Oct 2012 Meeting to finalize GPAD specification (Archived): Difference between revisions
mNo edit summary |
mNo edit summary |
||
Line 120: | Line 120: | ||
[[Category:Archived]] | [[Category:Archived]] | ||
Latest revision as of 11:38, 12 April 2019
Link to previous proposed GPI format; http://wiki.geneontology.org/index.php/Gene_Product_Data_File_Format
and previous proposed GPAD format; http://wiki.geneontology.org/index.php/Gene_Product_Association_Data_%28GPAD%29_Format
Link to final GPAD/GPI format; Final GPAD and GPI file format
gp_association files
Questions awaiting discussion with Chris;
- Translating existing qualifiers CONTRIBUTES_TO and COLOCALIZES_WITH into annotation relations (+ NOT?)
N.B. The first line in the gp_association file should be; !gpa-version: 1.1
Proposed format (21 Nov 2012)
column | name | required? | cardinality | old column # | extra info | |
---|---|---|---|---|---|---|
1 | DB | required | 1 | 1 | must be in xrf_abbs | |
2 | DB_Object_ID | required | 1 | 2 | canonical or spliceform ID | |
3 | Qualifier | required | 0 or greater | 4 | (NOT or integral_to)? (other_organism or colocalizes_with or contributes_to)? annotation_relation | |
4 | GO ID | required | 1 | 5 | must be extant GO ID | |
5 | DB:Reference(s) | required | 1 or greater | 6 | DB must be in xrf_abbs | |
6 | Evidence code | required | 1 | 7 | from ECO | |
7 | With (or) From | optional | 0 or greater | 8 | ||
8 | Interacting taxon ID (for multi-organism processes) | optional | 0 or 1 | 13 | ncbi taxon ID | |
9 | Date | required | 1 | 14 | YYYYMMDD | |
10 | Assigned_by | required | 1 | 15 | from xrf_abbs | |
11 | Annotation Extension | optional | 0 or greater | 16 | ||
12 | Annotation Properties | optional | 0 or greater | See Note 1 below |
Note 1. The Annotation Properties column can be filled with a pipe separated list of "property_name = property_value". There will be a fixed vocabulary for the property names and this list can be extended when necessary.
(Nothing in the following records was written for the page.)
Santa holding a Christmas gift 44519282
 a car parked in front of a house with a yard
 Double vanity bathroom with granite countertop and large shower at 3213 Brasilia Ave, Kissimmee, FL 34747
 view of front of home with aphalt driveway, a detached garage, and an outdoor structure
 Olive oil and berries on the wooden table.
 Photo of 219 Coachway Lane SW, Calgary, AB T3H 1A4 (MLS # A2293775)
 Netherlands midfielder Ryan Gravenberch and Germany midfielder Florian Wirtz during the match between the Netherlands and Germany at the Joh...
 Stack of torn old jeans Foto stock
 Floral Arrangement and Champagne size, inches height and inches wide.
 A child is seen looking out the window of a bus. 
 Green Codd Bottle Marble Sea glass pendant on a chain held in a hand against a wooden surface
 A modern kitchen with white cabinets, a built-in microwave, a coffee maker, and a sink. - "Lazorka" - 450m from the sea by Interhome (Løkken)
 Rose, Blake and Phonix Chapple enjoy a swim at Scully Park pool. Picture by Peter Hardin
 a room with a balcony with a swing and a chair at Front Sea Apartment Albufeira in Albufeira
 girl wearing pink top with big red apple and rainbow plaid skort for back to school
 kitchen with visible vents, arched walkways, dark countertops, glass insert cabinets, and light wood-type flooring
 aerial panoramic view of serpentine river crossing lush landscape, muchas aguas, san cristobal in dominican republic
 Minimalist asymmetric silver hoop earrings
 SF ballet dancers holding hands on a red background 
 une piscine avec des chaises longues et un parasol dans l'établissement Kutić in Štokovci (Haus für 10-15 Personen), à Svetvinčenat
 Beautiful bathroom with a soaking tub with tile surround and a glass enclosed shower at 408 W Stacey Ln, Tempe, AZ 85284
The initial supported properties would be curator_name and annotation_identifier*, but can be extended to include e.g. curator_ID, modification_date, creation_date, annotation_notes...etc.
* curator_name and annotation_identifier will be useful for groups that are using Protein2GO for protein annotation who wish to maintain their annotations in their own database. These values can be used to keep track of individual annotations.
gp_information files
1. Have decided columns for DB_subset (e.g. Swiss-Prot, TrEMBL) and Annotation Target Set (e.g. Reference Genome) are not necessary.
2. Includes a column for Xrefs to other databases (Col. 9). This would be useful for mapping of MOD-specific identifiers/symbols/synonyms to UniProt accessions to assist MOD curators moving to Protein2GO in searching for familiar IDs/gene names.
3. It is proposed to dispose of the 'DB' column (e.g. UniProt, WB) and replace it with a header line specifying the namespace of the annotating groups' identifiers, e.g. WB:, UniProtKB:?
None of the gp2protein files in the GOC SVN repository refer to objects from more than one namespace in column 1, so it seems like unnecessary repetition and redundancy to repeat the namespace in every row of the gpi file. Parent_object_id would only need to be qualified if it referred to an object from a different namespace (this could happen if we start annotating protein complexes)
N.B. The first two lines in the gp_information file should be; !gpi-version: 1.1 !namespace: <database>
Proposed format (21 Nov 2012)
column | name | required? | cardinality | GAF column | Example for UniProt | Example for WormBase |
---|---|---|---|---|---|---|
01 | DB_Object_ID | required | 1 | 2/17 | Q4VCS5-1 | WBGene00000035 |
02 | DB_Object_Symbol | required | 1 | 3 | AMOT | ace-1 |
03 | DB_Object_Name | optional | 0 or 1 | 10 | Angiomotin | |
04 | DB_Object_Synonym(s) | optional | 0 or greater | 11 | KIAA1071|AMOT | ACE1 |
05 | DB_Object_Type | required | 1 | 12 | protein | gene |
06 | Taxon | required | 1 | 13 | taxon:9606 | taxon:6239 |
07 | Annotation_Completed | optional | 1 | - | 20120614 (YYYYMMDD) | 20100405 |
08 | Parent_Object_ID | optional | 0 or 1 | - | Q4VCS5 | WBGene00000035 |
09 | DB_Xref(s) | optional | 0 or greater | - | - | UniProtKB:P38433 |
N.B. Where it is stated that a column can have one or greater values, e.g. 'with', DB_Object_Synonym(s), DB_Xref(s), the values should be given as a pipe-separated list.